Other Confederate widows are still living, but they don’t want any publicity, said Martha Boltz, of the United Daughters of the Confederacy.

Hopkins grew up in a family of 10 children, did laundry and cleaned house for William M. Cantrell, an elderly Confederate veteran in Baxter County whose wife had died years earlier.

When he offered to leave his land and home to her if she would marry him and care for him in his later years, she said yes. She was 19; he was 86.

“After Mr. Cantrell died I took a little old mule he had and plowed me a vegetable garden and had plenty of vegetables to eat. It was hard times; you had to work to eat,” she said in 2004.

Hopkins later married Winfred White and started a family. In all, she was married four times.

Manny Farber, film critic, artist

Manny Farber, an influential film critic whose essays and reviews punctured the self-serious veil of art-house favorites – Orson Welles, Francois Truffaut and Michelangelo Antonioni – while celebrating the less-studied, but more-entertaining work of Laurel and Hardy, Howard Hawks and John Wayne, has died.

Farber, 91, who also had a long career as an artist, died of bone cancer Monday at his home in the San Diego suburb of Leucadia.

Farber drew admirers for his fierce opinions and muscular, irreverent voice. Susan Sontag called Farber “the liveliest, smartest, most original film critic this country has ever produced,” adding that his “mind and eye change the way you see.”

Farber’s credo was best expressed in his essay “White Elephant Art vs.
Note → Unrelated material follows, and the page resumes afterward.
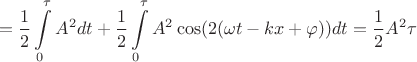$$=\frac 1 2 \int\limits_0^{\tau}A^2dt +\frac 1 2 \int\limits_0^{\tau}A^2\cos(2(\omega t - kx+\varphi))dt=\frac {1} {2} A^2 \tau$$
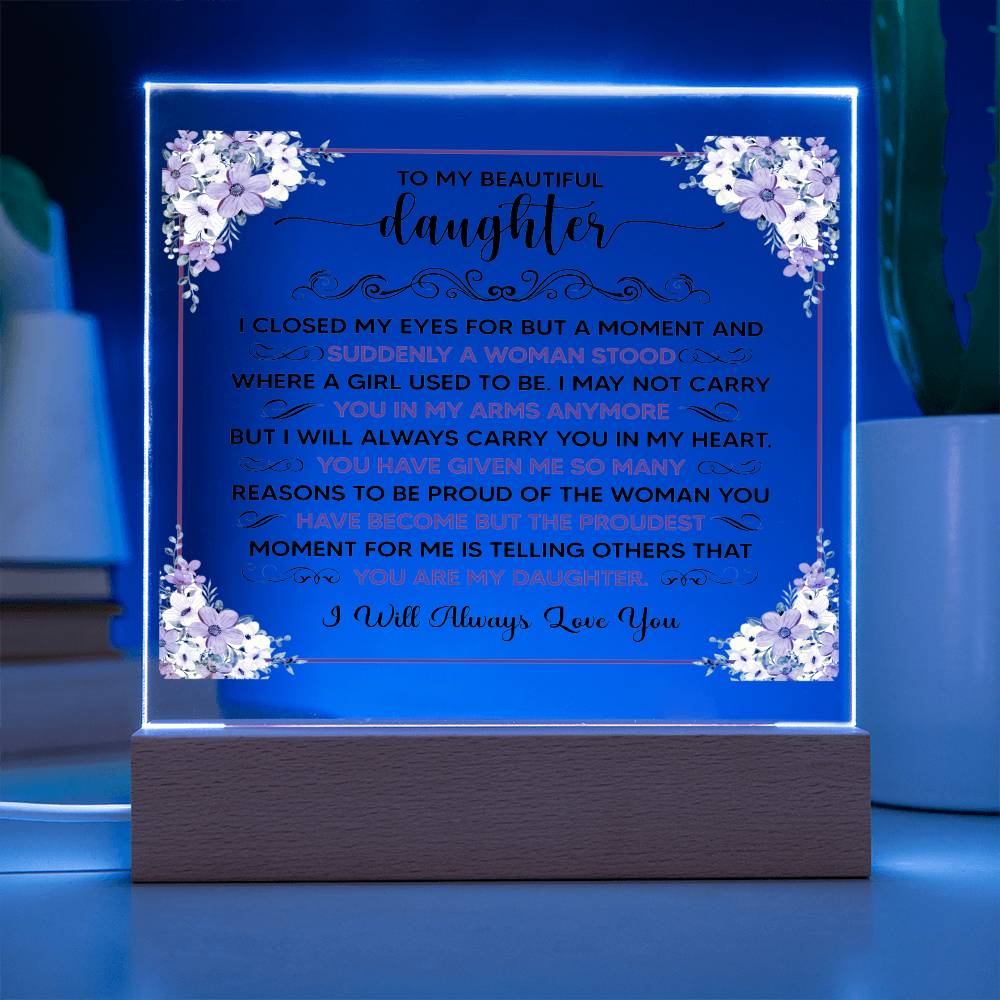 To My Beautiful Daughter – Square Plaque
Termite Art,” published in the journal Film Culture in 1962. He offered a high-spirited attack on pretentiousness in movies whose style he described as “reminiscent of the enameled tobacco humidors and wooden lawn ponies bought at white elephant auctions decades ago.”
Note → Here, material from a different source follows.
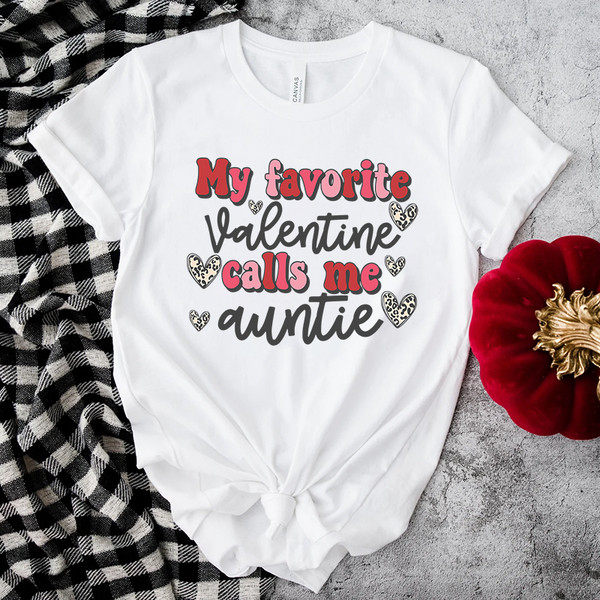 My Favorite Valentine Calls Me Auntie Shirt.jpg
Farber traced his structuralist roots to his training as a carpenter in the 1930s, but they were perhaps most fully expressed in his paintings, which began absorbing most of his time and energy in the mid-1970s.

Much of his later work, done in collaboration with his third wife, Patricia Patterson, featured train tracks and rebar, as well as quotidian desk items (paper clips, pushpins, tape). Farber taught art at the University of California at San Diego from 1970 to 1987, when he retired.

Paul Starr, makeup expert

Celebrity makeup artist Paul Starr, 51, who has worked with Angelina Jolie, Jennifer Garner and Sophia Loren, among other Hollywood stars, was found dead Tuesday in his home in Los Angeles.

An autopsy is pending.

Starr’s client roster includes old and new Hollywood: Michelle Pfeiffer, Jane Fonda, Scarlett Johansson, Cameron Diaz and Jessica Alba. He was a founding beauty editor of Flaunt magazine from 1998 to 2001, and in 2005 he released a book, “Paul Starr on Beauty: Conversations with Thirty Celebrated Women.”